There are certain senses that elicit emotional responses, and in particular, trigger memories. I heard once that smell is the sense most closely tied to memory, and I believe it.
I spent a couple of hours yesterday at a local hospital having a mammogram (which, thankfully, isn't nearly as painful as I imagined it might be before I had my first one. Awkward and uncomfortable? Yes. Painful? No). Not really knowing where I was going, I ended up parking at the exact opposite side of the hospital from where I needed to be (I'm really good at doing stuff like that), so I spent a good ten minutes wandering through the building on the way to my appointment. Through it all, and the further into the depths of the place I got, the stronger the hospital smell became and the more the memories came flooding back.
Back in 1997 I was 23. After three weeks of a fever I couldn't shake and swelling in my neck and throat, I was admitted to the hospital with the initial diagnosis of acute tonsillitis. On Day 5 of my hospitalization, my lung collapsed and a CT scan revealed a serious infection in my chest cavity that damn near took my life. I spent two straight months in the hospital, was on a ventilator via a hole in my throat, endured 10 surgeries and extreme medication, lost 35 pounds and, eventually, all my hair.
My memory is a bit patchy from the experience, but there are certain (occasionally random) bits that are burned into my brain - like the clink of the glass tubes as the lab technicians set down their equipment on the days they came to take a blood sample. For much of my stay, the curtain was drawn across the entrance to my glass-encased ICU room, and I spent what seemed like hours watching people's feet as they passed my way, inventing personalities and agendas to each set of shoes.
Sitting in the waiting room yesterday, gowned and watching some really awful daytime talk show, my instinct was to block out these memories - figuratively sticking my fingers in my ears and going, "lalalalalala."

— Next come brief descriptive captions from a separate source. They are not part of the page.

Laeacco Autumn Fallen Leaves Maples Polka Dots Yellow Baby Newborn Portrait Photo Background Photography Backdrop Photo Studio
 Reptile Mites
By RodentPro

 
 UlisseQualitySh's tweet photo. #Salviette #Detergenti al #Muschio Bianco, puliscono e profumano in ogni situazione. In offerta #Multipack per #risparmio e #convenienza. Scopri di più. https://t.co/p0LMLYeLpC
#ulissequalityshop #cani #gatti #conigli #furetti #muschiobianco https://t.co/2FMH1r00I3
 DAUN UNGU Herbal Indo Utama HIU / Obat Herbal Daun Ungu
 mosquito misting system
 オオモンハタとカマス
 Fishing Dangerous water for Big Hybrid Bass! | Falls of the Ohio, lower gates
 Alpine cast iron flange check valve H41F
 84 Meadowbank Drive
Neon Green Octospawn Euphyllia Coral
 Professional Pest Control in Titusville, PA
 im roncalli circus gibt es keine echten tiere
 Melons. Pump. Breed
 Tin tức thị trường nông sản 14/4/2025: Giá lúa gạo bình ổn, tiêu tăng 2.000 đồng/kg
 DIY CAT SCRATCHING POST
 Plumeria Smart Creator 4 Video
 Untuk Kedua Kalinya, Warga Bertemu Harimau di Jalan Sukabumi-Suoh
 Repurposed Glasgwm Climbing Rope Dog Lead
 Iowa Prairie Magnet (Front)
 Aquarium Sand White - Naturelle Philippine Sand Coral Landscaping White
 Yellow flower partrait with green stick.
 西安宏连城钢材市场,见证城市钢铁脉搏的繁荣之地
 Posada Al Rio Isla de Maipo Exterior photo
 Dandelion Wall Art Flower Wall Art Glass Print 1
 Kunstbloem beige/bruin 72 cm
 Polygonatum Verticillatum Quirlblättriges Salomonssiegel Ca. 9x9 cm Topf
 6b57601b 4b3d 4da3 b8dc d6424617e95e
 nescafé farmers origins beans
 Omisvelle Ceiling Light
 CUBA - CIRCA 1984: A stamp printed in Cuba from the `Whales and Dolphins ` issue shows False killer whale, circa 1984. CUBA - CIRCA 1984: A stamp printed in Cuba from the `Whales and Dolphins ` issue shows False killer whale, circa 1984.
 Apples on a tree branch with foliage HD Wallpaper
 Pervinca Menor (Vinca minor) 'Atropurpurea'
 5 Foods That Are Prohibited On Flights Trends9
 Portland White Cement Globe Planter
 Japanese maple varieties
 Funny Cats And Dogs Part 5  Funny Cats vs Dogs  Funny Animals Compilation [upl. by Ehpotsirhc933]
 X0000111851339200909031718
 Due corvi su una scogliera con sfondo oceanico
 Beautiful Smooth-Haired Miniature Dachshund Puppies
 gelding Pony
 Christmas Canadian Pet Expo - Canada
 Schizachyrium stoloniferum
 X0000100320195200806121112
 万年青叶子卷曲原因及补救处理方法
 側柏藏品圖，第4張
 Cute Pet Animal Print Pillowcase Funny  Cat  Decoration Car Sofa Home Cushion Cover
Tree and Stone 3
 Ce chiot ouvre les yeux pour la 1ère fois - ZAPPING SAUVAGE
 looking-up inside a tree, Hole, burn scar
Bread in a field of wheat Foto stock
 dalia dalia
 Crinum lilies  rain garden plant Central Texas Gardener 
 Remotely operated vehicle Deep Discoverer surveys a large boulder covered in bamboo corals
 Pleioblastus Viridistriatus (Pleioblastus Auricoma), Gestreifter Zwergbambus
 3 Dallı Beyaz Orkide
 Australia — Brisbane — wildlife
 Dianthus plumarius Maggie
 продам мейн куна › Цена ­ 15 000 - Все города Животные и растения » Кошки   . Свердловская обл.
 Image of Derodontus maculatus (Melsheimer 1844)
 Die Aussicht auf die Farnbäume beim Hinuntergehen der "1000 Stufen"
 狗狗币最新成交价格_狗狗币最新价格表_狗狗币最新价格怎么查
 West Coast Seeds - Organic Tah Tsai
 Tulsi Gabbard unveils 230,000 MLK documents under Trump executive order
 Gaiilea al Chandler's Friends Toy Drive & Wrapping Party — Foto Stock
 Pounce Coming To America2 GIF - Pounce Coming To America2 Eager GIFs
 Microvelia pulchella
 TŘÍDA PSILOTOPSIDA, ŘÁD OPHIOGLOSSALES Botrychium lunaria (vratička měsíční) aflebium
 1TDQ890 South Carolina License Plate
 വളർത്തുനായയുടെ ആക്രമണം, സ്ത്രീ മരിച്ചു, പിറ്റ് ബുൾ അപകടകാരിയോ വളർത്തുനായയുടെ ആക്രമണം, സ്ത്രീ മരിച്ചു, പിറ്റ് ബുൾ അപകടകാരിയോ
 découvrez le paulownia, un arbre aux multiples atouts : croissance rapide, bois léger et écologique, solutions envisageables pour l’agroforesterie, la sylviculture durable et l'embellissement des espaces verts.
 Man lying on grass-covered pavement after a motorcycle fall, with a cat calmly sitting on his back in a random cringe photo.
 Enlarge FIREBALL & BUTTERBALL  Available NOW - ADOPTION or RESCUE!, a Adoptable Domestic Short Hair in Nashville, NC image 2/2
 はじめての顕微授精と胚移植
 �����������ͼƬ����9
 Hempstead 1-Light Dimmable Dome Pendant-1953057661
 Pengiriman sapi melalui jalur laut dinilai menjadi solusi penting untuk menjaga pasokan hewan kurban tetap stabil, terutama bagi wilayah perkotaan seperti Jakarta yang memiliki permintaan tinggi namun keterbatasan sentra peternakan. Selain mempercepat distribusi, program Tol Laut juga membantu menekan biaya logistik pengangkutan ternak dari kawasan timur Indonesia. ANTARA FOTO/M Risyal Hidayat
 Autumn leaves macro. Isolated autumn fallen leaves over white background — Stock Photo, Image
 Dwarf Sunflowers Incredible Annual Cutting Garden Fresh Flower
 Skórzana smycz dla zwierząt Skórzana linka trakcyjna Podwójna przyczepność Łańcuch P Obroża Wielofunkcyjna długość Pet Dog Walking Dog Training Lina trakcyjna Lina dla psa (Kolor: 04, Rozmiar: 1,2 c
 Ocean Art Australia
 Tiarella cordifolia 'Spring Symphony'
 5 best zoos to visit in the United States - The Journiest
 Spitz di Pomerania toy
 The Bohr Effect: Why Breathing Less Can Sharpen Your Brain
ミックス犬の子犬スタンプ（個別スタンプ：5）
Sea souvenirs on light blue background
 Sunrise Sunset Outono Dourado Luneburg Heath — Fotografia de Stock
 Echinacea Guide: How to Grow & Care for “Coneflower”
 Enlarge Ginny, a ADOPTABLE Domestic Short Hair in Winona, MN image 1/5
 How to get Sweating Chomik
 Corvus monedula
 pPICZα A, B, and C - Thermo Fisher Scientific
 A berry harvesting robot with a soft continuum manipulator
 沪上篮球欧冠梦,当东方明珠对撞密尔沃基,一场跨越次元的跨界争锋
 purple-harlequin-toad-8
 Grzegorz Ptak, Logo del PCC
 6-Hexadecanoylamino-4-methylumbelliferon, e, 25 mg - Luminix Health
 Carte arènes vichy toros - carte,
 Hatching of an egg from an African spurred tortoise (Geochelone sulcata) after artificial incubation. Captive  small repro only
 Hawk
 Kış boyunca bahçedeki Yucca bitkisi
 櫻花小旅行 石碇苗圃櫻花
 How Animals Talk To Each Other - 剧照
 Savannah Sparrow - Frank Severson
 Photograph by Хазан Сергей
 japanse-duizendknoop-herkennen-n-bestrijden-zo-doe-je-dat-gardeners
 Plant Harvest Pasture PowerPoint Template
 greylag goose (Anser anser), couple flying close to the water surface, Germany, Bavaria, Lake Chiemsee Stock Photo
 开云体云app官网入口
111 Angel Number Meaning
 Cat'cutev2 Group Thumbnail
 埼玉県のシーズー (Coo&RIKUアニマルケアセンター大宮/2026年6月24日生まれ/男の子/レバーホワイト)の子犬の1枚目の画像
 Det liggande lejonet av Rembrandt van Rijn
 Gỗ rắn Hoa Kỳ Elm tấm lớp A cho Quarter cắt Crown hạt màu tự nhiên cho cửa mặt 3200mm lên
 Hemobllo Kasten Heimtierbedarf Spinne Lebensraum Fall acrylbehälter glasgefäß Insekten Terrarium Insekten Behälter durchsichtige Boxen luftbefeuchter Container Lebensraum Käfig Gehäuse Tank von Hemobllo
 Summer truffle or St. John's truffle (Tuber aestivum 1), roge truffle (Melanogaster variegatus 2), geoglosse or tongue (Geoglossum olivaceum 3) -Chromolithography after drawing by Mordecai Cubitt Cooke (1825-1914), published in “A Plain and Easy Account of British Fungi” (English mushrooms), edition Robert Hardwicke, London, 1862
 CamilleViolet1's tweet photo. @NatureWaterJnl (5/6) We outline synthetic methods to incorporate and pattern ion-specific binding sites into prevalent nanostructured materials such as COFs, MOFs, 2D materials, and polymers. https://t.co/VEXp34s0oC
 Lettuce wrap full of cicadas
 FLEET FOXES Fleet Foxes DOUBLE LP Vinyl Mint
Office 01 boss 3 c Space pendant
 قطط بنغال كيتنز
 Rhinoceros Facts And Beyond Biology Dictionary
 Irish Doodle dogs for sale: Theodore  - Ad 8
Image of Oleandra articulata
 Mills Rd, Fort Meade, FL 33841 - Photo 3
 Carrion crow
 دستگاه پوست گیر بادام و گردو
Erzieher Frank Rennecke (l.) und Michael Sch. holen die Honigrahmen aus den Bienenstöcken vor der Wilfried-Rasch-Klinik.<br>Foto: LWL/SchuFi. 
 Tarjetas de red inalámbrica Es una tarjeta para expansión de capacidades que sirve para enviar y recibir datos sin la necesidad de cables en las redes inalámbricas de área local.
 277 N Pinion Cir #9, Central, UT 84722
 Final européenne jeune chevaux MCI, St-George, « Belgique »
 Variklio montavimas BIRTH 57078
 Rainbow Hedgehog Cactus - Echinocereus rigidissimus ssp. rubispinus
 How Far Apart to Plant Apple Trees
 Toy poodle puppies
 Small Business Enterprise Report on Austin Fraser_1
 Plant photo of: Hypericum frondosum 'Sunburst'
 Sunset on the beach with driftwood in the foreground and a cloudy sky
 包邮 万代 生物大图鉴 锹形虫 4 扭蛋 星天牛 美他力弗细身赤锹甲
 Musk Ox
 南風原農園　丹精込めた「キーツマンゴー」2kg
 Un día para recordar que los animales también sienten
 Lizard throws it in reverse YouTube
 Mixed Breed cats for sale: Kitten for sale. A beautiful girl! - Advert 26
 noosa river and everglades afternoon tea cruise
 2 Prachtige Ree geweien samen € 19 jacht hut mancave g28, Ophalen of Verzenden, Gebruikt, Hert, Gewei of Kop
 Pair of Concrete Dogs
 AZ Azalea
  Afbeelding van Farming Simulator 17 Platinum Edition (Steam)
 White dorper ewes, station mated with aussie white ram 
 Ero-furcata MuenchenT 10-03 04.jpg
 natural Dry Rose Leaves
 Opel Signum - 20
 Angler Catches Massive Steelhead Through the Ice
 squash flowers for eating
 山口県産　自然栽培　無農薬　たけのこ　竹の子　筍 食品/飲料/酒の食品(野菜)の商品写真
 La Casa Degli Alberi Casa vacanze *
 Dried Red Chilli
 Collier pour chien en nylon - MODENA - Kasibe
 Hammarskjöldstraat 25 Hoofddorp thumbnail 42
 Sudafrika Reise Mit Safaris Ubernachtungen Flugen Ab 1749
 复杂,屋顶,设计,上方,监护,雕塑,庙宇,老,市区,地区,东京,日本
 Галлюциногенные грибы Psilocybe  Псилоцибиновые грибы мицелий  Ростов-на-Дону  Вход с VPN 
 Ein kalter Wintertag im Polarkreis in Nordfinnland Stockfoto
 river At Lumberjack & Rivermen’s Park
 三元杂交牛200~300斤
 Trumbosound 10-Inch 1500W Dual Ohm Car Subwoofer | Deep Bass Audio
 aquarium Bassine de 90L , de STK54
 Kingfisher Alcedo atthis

I don't often talk about my illness anymore, mostly because I don't often find a good segue for, "So, did I tell you about the time I was given a 50% chance to live?" But the truth is, it still colors my views and actions, and perhaps it would be easier for those around me if I did talk about it once in a while. With the exception of family, most of the people who knew me when I was sick aren't the people I spend time with today (a cross-country move does a lot to change your social circle).
I'm sure we all have experiences in our arsenal of past memories that we tend to sweep under the rug for one reason or another (surely, I'm not the only one, right?), but maybe it's time we consider taking them out, dusting them off, and sharing them with each other.
I dunno, yes? No? Bad idea? Good idea?
See, I'm sitting here feeling like, "Oh crap, did I say too much?" just by blogging about it.